Albanian world heritage site struggles without tourists
Seeing the streets of the city in 2019 flooded by tourists enjoying its beauty was a dream come true for the residents of Gjirokastra, a city in southern Albania recognized as a UNESCO World Heritage site for its Ottoman period architecture.
It ended abruptly when the world crashed.
Called ‘the stone city’ due to its two-story turreted houses dating back to the 17th century, Gjirokastra and a second Albanian city, Berat, were inscribed as a UNESCO World Heritage Site in 2005 as “rare examples of a character architectural typical of the Ottoman period “.
After the city center renovation, Hysen Kodra was one of the locals who converted their 200-300 year old houses with wooden facades and stone tile roofs into guest accommodation. After all, the 700 tourist beds in the city center could barely accommodate the 120,000 visitors to Gjirokastra the year before the coronavirus pandemic.
“The pandemic cut through it abruptly, like with a knife,” says Kodra, whose 13-room hilltop guesthouse is empty. “Until 2019 we were so good, with more and more visitors every day, and in 2020 all the reserved rooms were canceled.”
The 13th century fortress on top of the city and the old radial-shaped bazaar from the 17th century, where tourists walk through the cobbled streets to taste dishes such as pasha qofte (meatball) or oshaf (dried figs with sheep’s milk), or buying handicrafts, curtains, rugs, traditional folk costumes and the like are the main attractions of Gjirokastra.
There is also the ethnographic museum housed in the former home of the late communist dictator Enver Hoxha and the recently renovated museum dedicated to the Nobel Prize winner for literature Ismail Kadare.
Tourism in Albania, one of the poorest countries in Europe, generated about 9 percent of GDP in 2019, and the government hoped to raise it to 10 percent this year.
The Kodra guesthouse overlooks Gjirokastra, which has a full-time population of 30,000, right where a monument to Hoxha was placed after his death, but removed in 1991 after the fall of the communist regime.
For a few years after Hoxha’s death in 1985, Kodra’s family moved in to make room for the monument. After a student protest toppled the communist regime in 1990, the family regained their properties.
With no other industry in the city, the government concentrated on renovating its typical houses and streets to prepare for tourism.

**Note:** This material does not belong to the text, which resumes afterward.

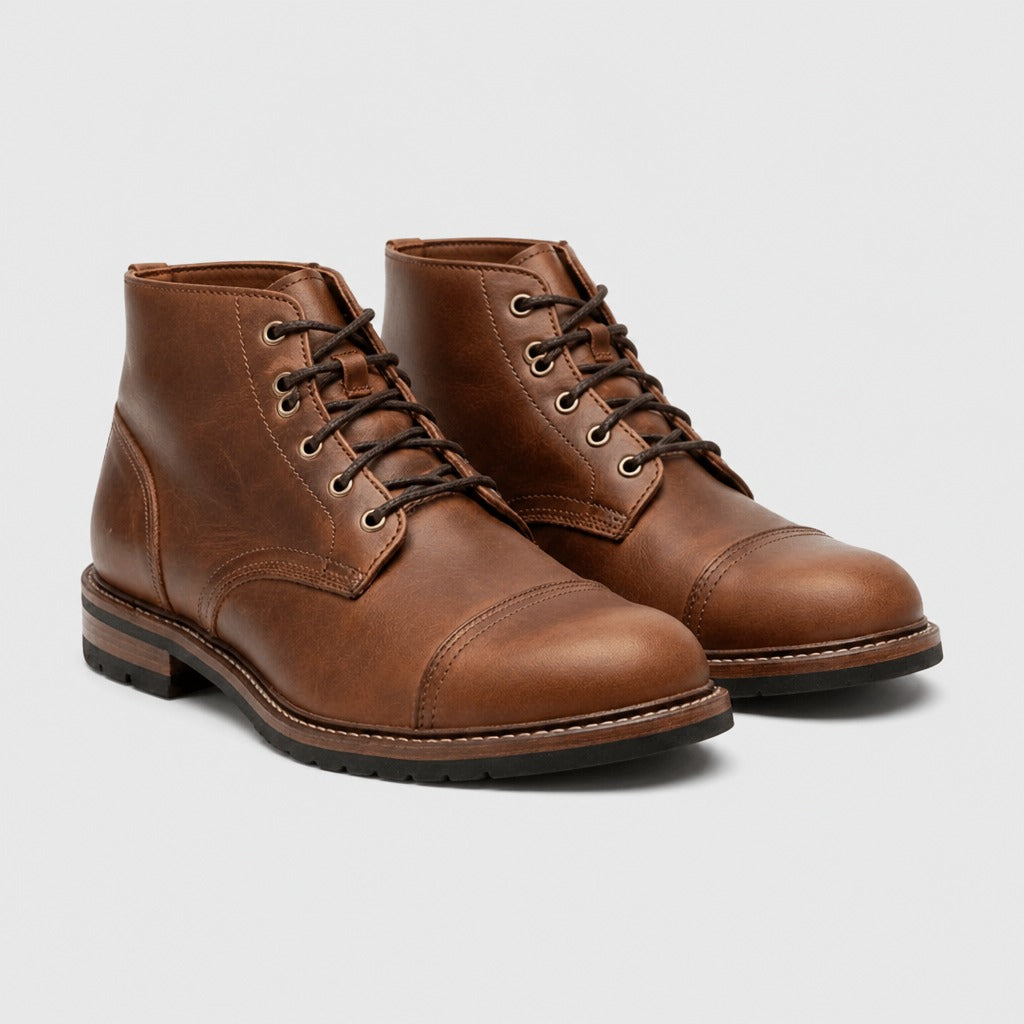 Men’s Brown Leather Lace-Up Cap Toe Boots Brown pair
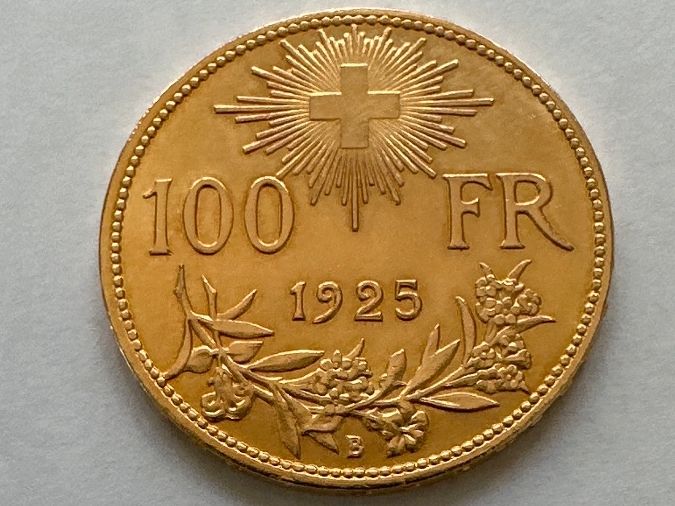 Tutti le monete: 100Fr. Vreneli,1925B, Original, unz. – Usato da Erlach venduto da gubbe1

The turret houses were converted into small shops, cafes or restaurants, and between 2015 and 2019 there was a four-fold increase in the number of visitors, most of them coming from Italy, Poland, France and Spain, with a smaller number coming from U.S. , Canada, Australia and Israel.
From the pandemic A year ago, this type of activity has returned to the realm of illusions.
Manjola Bici, who has a small shop in the Old Bazaar that sells local teas and herbs, said there has been a 60 percent drop in visitors and that most of those who still come are Albanians who normally do not stay overnight. Despite renewed efforts to promote the city online, revenues have fallen dramatically. Many stores remain closed.
Bici and its neighbors have tried to change the variety of items they sell or lower their prices to attract domestic consumers, and have asked the government to reduce business taxes to help them. She hopes the vaccines will help stop the pandemic and bring tourists back.
“They can see for themselves that they are the only tourists, customers of today,” he said showing the empty street to journalists.
“I don’t think we can survive for long like this unless the government cuts all taxes, say, for a year,” Kodra adds. “We are not sure if the reservations will arrive for April-May.”
But Loena Bakuli in charge of tourism projects in the municipality trust the future.
“The pandemic will soon disappear and tourists will return and see a different and more beautiful city,” he said.

She is a freelance blogger, writer, and speaker, and writes for various entertainment magazines.